As we've seen in this post, building lxml and getting its debug symbols is not a straightforward endeavor. This is especially true if you're using a 64-bit version of Python on Windows.

For me, an alternative would have been to develop and build everything under Linux. Things would probably have been much easier, as it has a compiler and package manager by default. Unfortunately, I didn't have that luxury, as my current development machine is a Windows laptop5.

But now, what about you? Have you ever built a Python C extension yourself on Windows? What are the problems that you encountered? And did you find this post helpful? If so, please share your comments in the section below!

  1. This assumes that you have the right version of Visual Studio installed on your machine. More on this later on.

  2. Depending on the version of lxml that you need to debug, you may have to check out different changesets for the submodules of the libxml2-win-binaries repository.

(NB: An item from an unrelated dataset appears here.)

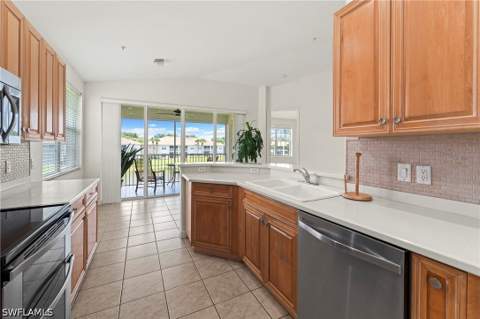 3059 Horizon Ln 1602, Naples FL - photo 21 of 49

  3. This ugly hack is necessary because distutils expects to use the exact same compiler and linker versions that were used to compile the Python distribution itself. For example, Python 3.3.5 for Windows was compiled using Visual C++ 2010, so distutils tries to build your extensions using Visual C++ 2010. If it's not found on your system, the build will fail. Don't forget to make a backup of msvc9compiler.py before attempting this stunt.

  4. For the compiler, /Z7 is necessary because it includes all debugging symbols directly in the .obj files, instead of generating intermediary .pdb files. This is important, because lxml actually contains 2 static libraries (lxml.etree and lxml.objectify), and each one of these libraries would otherwise write to the same .pdb file (named vc140.pdb), thus making it unusable by popular debugging tools (WinDbg, umdh, Visual Studio, etc.). For the linker, /DEBUG is necessary because it will generate a .pdb file for each library (etree.pdb and objectify.pdb).

  5. I'm working on that! I plan on installing Ubuntu eventually.